シン・ヒョン(シンお兄ちゃん)から誘ってくれるなんて嬉しい!
ポッ!照れ!
いや〜ん!
相変わらずのアンですが、ふたりではなくデブとキノコが企画した『同期の会』だと説明するとアンの態度は急変しました。
「とっても行きたい」から「クソイベント」に変わっちゃった…
でもシンの誘いだから…行くけど…
キノコのお願いなんだ
アンに悪いという気持ちが残りましたが、それでも参加してくれるとのことで、この日の同期の会は実現することになりました。
ベストフレンド!
なんでそんなことができる?
デブとキノコ、そしてアンと私は約束通り指定された韓国料理店に集まりました。
トクトクトクトクトクトク…
1杯目から『ソジュ』と呼ばれる緑色の瓶に入った無色透明のお酒を飲むようです。
デブの手によって4つのショットグラスになみなみに注がれましたが、一度も飲んだことがないその怪しい液体を警戒する私。
学力テストで『Beginner』とランク付けされたデブは、こういった『多数派』の場に来ると英語を喋りません。
真面目な顔をして、なにやら演説のような長いセリフをキノコやアンに韓国語で話しています。
乾杯だぞ!
そしておそらく韓国語で『乾杯』を意味する単語を吐いてグラスをぶつけ合います。
3人は一気飲みしましたが、私は一旦ニオイを嗅ぎ、チビチビと口をつけます。
そもそも日本の焼酎みたいなものすら飲まない私は、ソジュのショットグラスを置いてビールを注文しました。
その瞬間!
ガシッ!!!!!
急にデブの目の色が変わり、私の胸ぐらを掴んだのです!
なになになに!
Fucking Japanese?
発音キモくて暴言になってねえよ!
やっちゃったねシン
韓国映画やドラマのクライマックスシーンが大抵そうであるように、韓国人は感情的に暴れることを「マジでカッコいい」と思っています。

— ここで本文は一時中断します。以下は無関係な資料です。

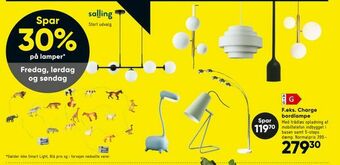 Bilka Charge bordlampe tilbud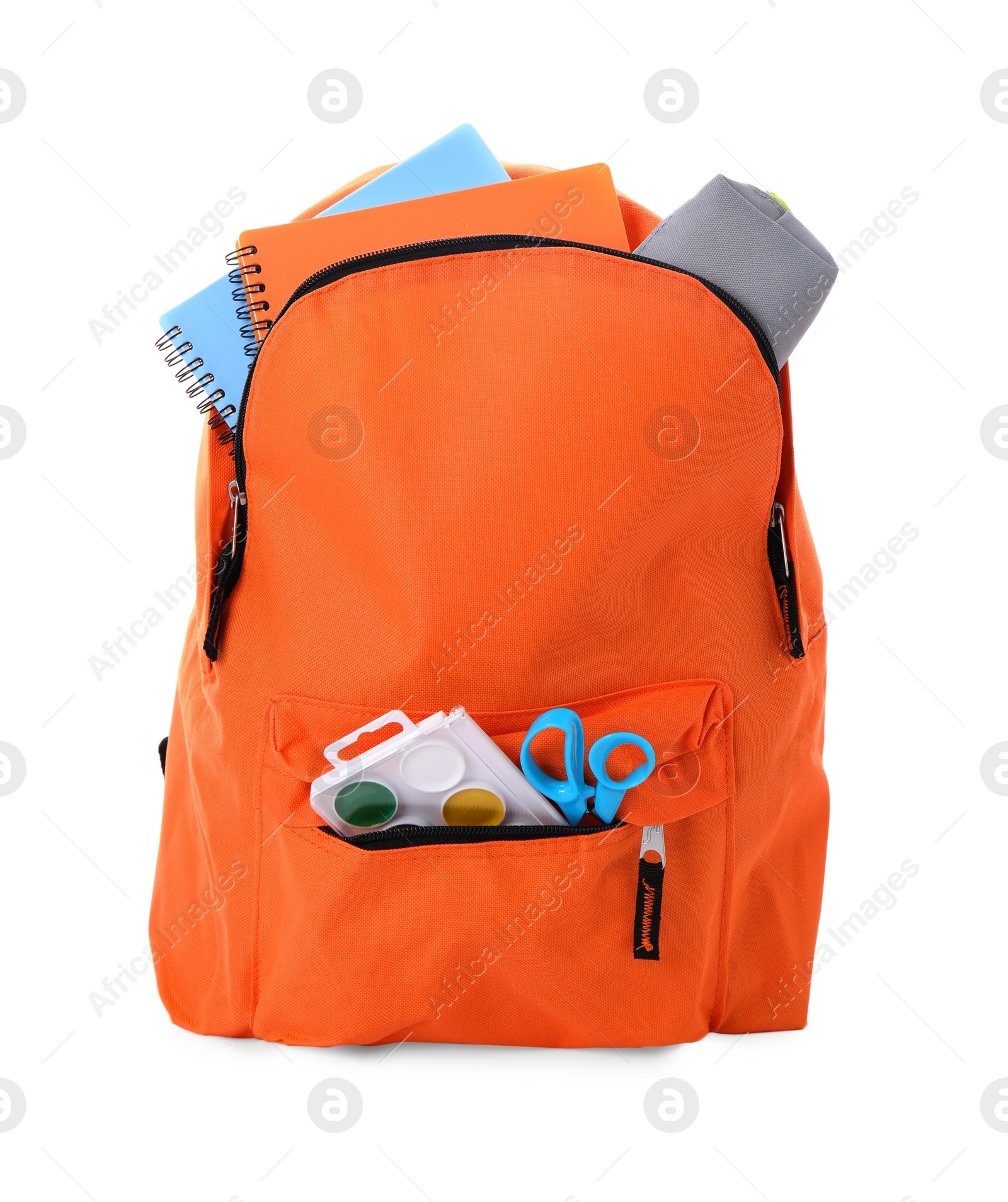 Photo of Stylish backpack with school stationery on white background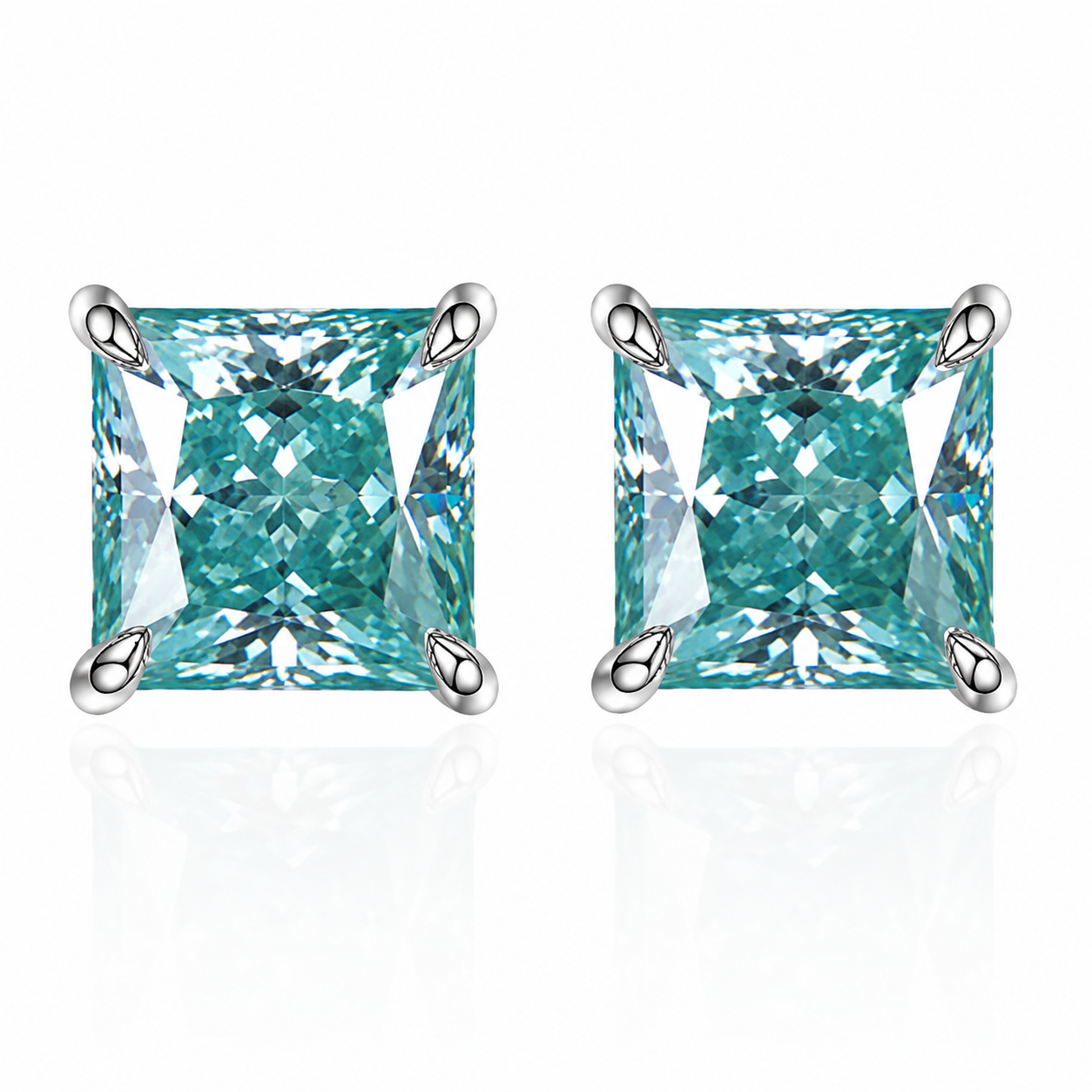 Brincos de moissanite vermelho com corte princesa 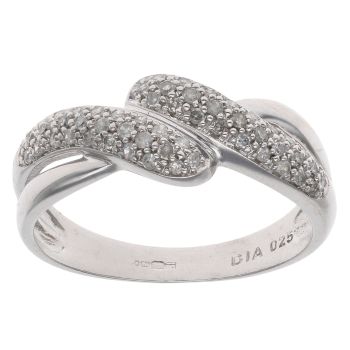 9ct White Gold 0.25ct Brilliant Cut Diamond Crossover Ring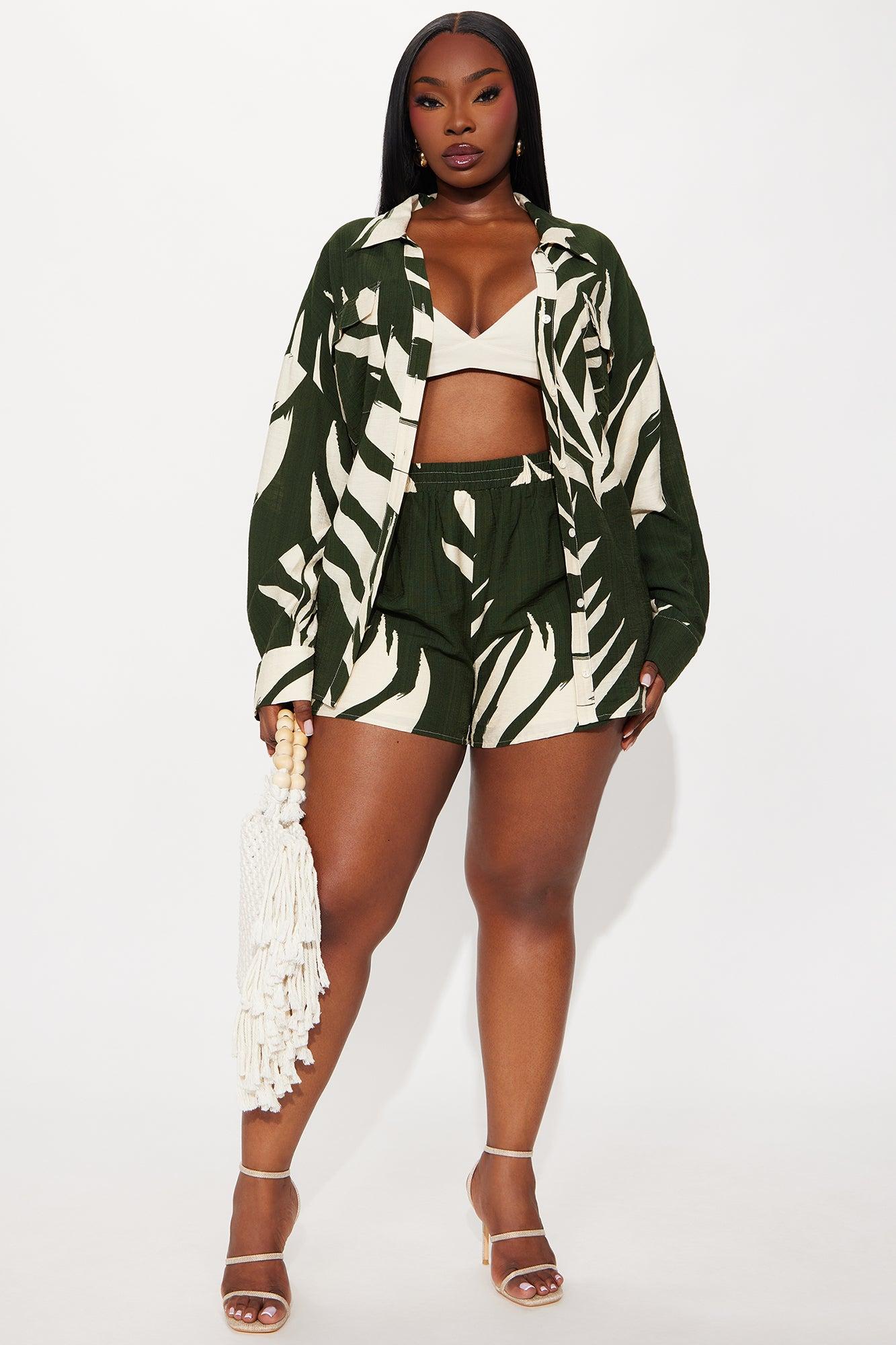 In The Tropics Linen Short Set - Hunter Female Product Image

「日本人を懲らしめている」その勇姿を映像として残すべく、キノコは動画を撮りはじめました。
デブも若干映る角度などを気にしている様子。
おいブタそろそろ離せ
地元に帰って動画を見せながら喧嘩自慢でもするのでしょうか。
韓国人はよく日本のアダルトビデオの話をしますが、彼らが好きなものを調べるとほぼすべてが『レイプもの』です。
つまり「日本人を痛め付けることが善であり大きな喜びである」と脳にプログラムされている人種なのです。
フィリピン人の店員やまわりの客になだめられ、騒動はすぐにおさまりましたが、私の腹の虫はおさまりません。
寛大なこのお方はお前を許してくれるそうだ!
何を許すって!?
一気飲みだ!
ぱッキンじゃパニじゅう〜!
飲め飲め〜!
何を許されたのかわかりませんが、今度は水などを飲むための大きいグラスにたっぷりとソジュが注がれていました。
こんなもの飲めるわけがありません。
デブとキノコはニヤニヤしながら「イッキ!イッキ!」のような謎の韓国語の歌を楽しげにうたっています。
年上に逆らうことのできないアンは乾杯からずっと黙ったまま。
気分を害した私はその『命令』を無視してアンに英語で話しかけました。
なんで私は怒られたの?
もしかして一杯目のソジュのショットを飲まなかったから?
そんなとこ…
それかもう帰ろう
無理なんだ…
何もし返すことのなかった私を見たデブは、勢いに乗り感情の赴くままに悪態をつきはじめました。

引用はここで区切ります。